Can anybody confirm this or show me where I went wrong? I think I did it correctly but I confused myself thoroughly while doing it and I'm not sure anymore.

Ok, either I'm a moron, or 1/2k*x^2 = 0.196 J (k=2000 N/m, x=0.014m). I think you forgot to divide by 2 there.

I think overall you're wrong, it's not that simple. For conservation of energy, you have the bullet originally, the energy "absorbed" by the spring, the kinetic energy of the moving block (m2), and the kinetic energy of the bullet as it exits the block.

Your 2 unknowns are going to be the velocity of the block after striking, and the bullet after exiting, you can solve for that, because you also know that momentum is conserved (back up to the previous sentence with "momentum" in place of "energy").

I'm on vacation, I don't feel like solving for the 2 unknowns, but you should be able to take it from there, or anyone else interested can continue.

The block is motionless (ie. has no kinetic energy) at the point when the spring is at its maximum compression. So your conservation of energy equation is simply:

KE0 = PE + KE1

KE0: initial kinetic energy of the bullet = 0.5 M1 V0^2 (V0: initial velocity, M1: mass of the bullet)
PE: Potential energy of the spring at its max compression = 0.5 K x^2
KE1: Kinetic energy of the bullet after leaving the block = 0.5 M1 V1^2

0.5 M1 V0^2 = 0.5 K x^2 + 0.5 M1 V1^2

M V0^2 - K x^2 = M V1^2

V1 = sqrt((M1 V0^2 - K x^2)/M1)

V1 = sqrt((0.0054*345^2 - 2000*0.014^2)/0.0054)

V1 = 344.89 M/s

Note that the mass of the block is irrelevent because we are working the problem at a point when it is at rest.

As I stated in a previous post, this is neglecting some important bits like friction, and the energy spent tearing a hole through the block and deforming the bullet.

 

[jaydee]

The block is motionless (ie. has no kinetic energy) at the point when the spring is at its maximum compression.

No where does he state either of those conditions have to be true. The block does not have to be motionless, because the spring isn't necesarily at it's maximum compression. Right? Why else we would we be given the mass of the block?

I don't know. If this is a high school problem, you're probably right egeorge, they do have a lot stupid questions like this.

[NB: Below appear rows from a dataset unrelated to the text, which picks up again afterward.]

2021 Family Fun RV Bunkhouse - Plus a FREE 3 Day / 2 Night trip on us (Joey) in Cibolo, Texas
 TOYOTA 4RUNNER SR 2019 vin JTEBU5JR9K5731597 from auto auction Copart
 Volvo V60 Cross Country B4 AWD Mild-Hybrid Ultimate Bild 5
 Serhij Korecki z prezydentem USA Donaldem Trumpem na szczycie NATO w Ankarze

In college calc-physics though, we are NEVER given 'too-much' information, and the problems are typically of this caliber.

 

[Armitage]

Originally posted by: jaydee

The block is motionless (ie. has no kinetic energy) at the point when the spring is at its maximum compression.

No where does he state either of those conditions have to be true. The block does not have to be motionless, because the spring isn't necesarily at it's maximum compression. Right? Why else we would we be given the mass of the block?

I don't know. If this is a high school problem, you're probably right egeorge, they do have a lot stupid questions like this. In college calc-physics though, we are NEVER given 'too-much' information, and the problems are typically of this caliber.

He states that the "spring compresses to 1.4 cm"
Unless we have alot more information about the problem. At least the velocity of the block at that point. I think we have to take that as the maximum compression.

That point of maximum compression probably occurs at some time after the bullet has left the block, ie. the block still has some forward velocity at the time the bullet exits it. If we neglect air drag on the bullet, that's OK, because the block on the spring has its own conservation of energy going on. Say that, at the time the bullet leaves the block, the spring is only compressed 1cm. If the max compression is 1.4 cm, we can solve for the velocity of the block at the time the bullet exits:

0.5 M2 Ve^2 + 0.5 K Xe^2 = 0.5 K Xf^2

Ve: Velocity of the block at the time the bullet exits.
Xe: Compression of the spring at the time the bullet exits
Xf: Max compression of the spring

So, as long as the bullet has left the block at the time of max compression (which I think is almost certain), it doesn't matter when max compression occurs because the block on the spring is now an isolated system with its own conservation of energy going on.

If that's not the maximum compression of the spring, I don't think you have enough information about the problem.

 

[Moonbeam]

The spring is motionless because it's at it maximum extension. We need the mass of the target because the momentum it acquires to be compressed is exactly the momnetum it would acquire at the rest point when it recoils. The momentum necessary to supply that compression is supplied by the bullet and its exit velocity can be found by subtracting that amount of momentum from it's original momentum and reverse engineering the velocity from that new momentum at that mass.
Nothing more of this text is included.